Stories from the Three Kingdoms period existed in the verbal form before any written compilations. In these popular stories the characters typically took on exaggerated and mythical characteristics, often becoming immortals or supernatural beings with magical powers. With their focus on the history of Han Chinese, the stories grew in popularity during the reign of the foreign Mongol emperors of the Yuan Dynasty (AD 1279-1368). During the succeeding Ming Dynasty an interest in plays and novels resulted in further expansions and retelling of the stories.

The earliest attempt to combine these stories into a written work was San Guo Zhi Ping Hua (三国志评话), published sometime between 1321 and 1323. This version combined themes of magic, myth, and morality to appeal to peasant-class readers. Elements of reincarnation and karma were woven into this version of the story. The decline of the Han Dynasty was therefore traced to the sins of its founding emperor, Emperor Gao, who unjustly executed his three able generals Han Xin, Peng Yue (彭越) and Ying Bu (英布). Han Gao Zu was later reborn as the last Han emperor, Emperor Xian, while the three generals were reincarnated as rulers of the three kingdoms: Han Xin became Cao Cao; Peng Yue became Liu Bei; and Ying Bu became Sun Quan. This time the emperor was to suffer in the hands of Cao Cao.

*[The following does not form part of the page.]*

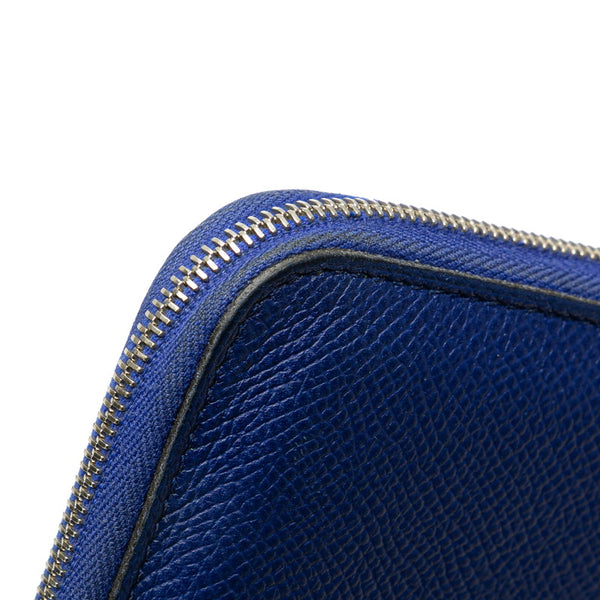 エルメス アザップ ロング ラウンドファスナー 長財布 ブルー ヴォーエプソン レディース HERMES 【中古】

The Romance of the Three Kingdoms as we know it today was written by Luo Guanzhong sometime between 1330 and 1400 (late Yuan to early Ming period). His novel was written in plain Chinese and was considered the standard text for 300 years. Luo made greater use of available historical records including the Chronicles of the Three Kingdoms compiled by Chen Shou, which covered events from the Yellow Turban Rebellion in AD 184 up to the unification of the three kingdoms under the Jin Dynasty in AD 280. Luo combined this historical knowledge with his gift in storytelling to create a rich tapestry of personalities.

Story

It must be understood that one of the greatest achievements of the Romance of the Three Kingdoms is the extreme complexity of its stories and characters. The novel is strung with numerous "mini-stories", many of which could be developed into full-length feature films in their own right. As such, the following effort only serves as a crude summary of the entire story from a bird's eye view without zooming in too much into individual events or characters:

Three Heroes of Three Kingdoms, silk painting by Sekkan Sakurai (1715-1790)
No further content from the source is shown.